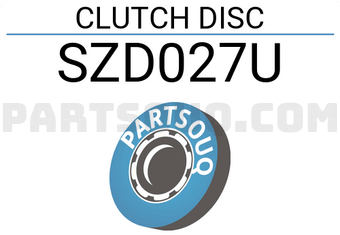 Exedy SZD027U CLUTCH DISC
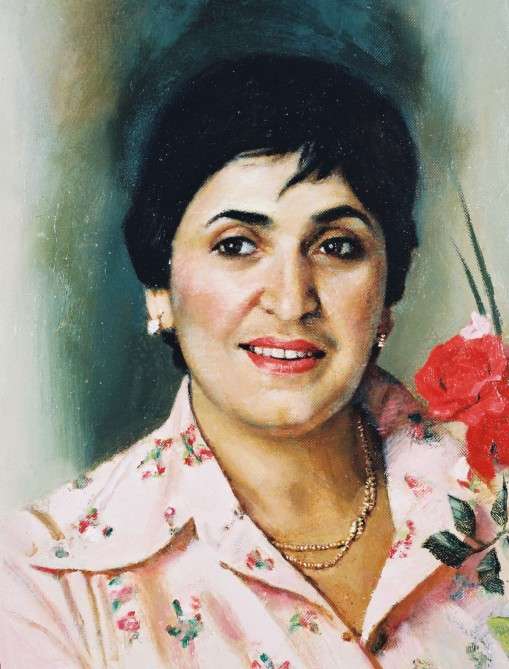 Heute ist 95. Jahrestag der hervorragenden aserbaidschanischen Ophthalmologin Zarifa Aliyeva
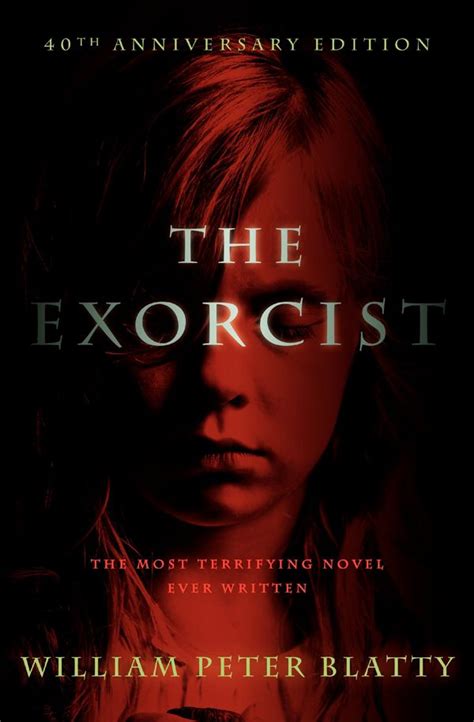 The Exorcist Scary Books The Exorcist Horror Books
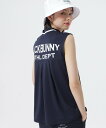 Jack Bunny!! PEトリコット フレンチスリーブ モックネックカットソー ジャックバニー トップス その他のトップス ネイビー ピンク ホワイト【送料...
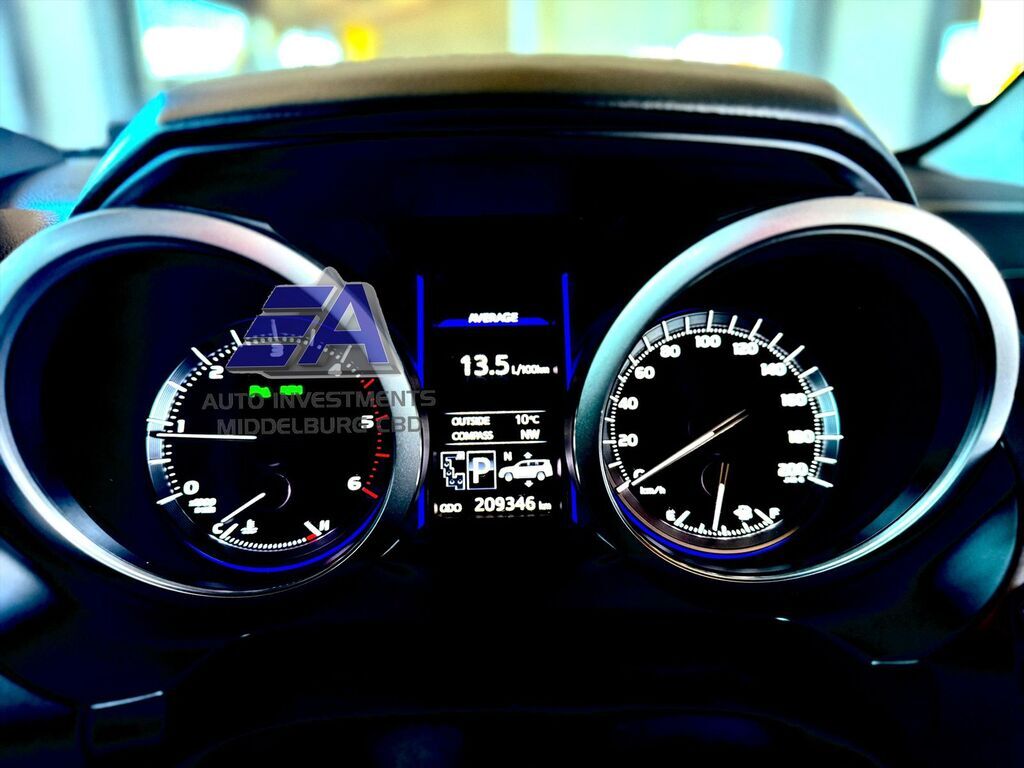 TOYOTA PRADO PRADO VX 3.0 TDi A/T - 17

#####

Every line of the data above should be returned exactly, with the pictures removed.

 Exedy SZD027U CLUTCH DISC
 Heute ist 95. Jahrestag der hervorragenden aserbaidschanischen Ophthalmologin Zarifa Aliyeva
 The Exorcist Scary Books The Exorcist Horror Books
 Jack Bunny!! PEトリコット フレンチスリーブ モックネックカットソー ジャックバニー トップス その他のトップス ネイビー ピンク ホワイト【送料...
 TOYOTA PRADO PRADO VX 3.0 TDi A/T - 17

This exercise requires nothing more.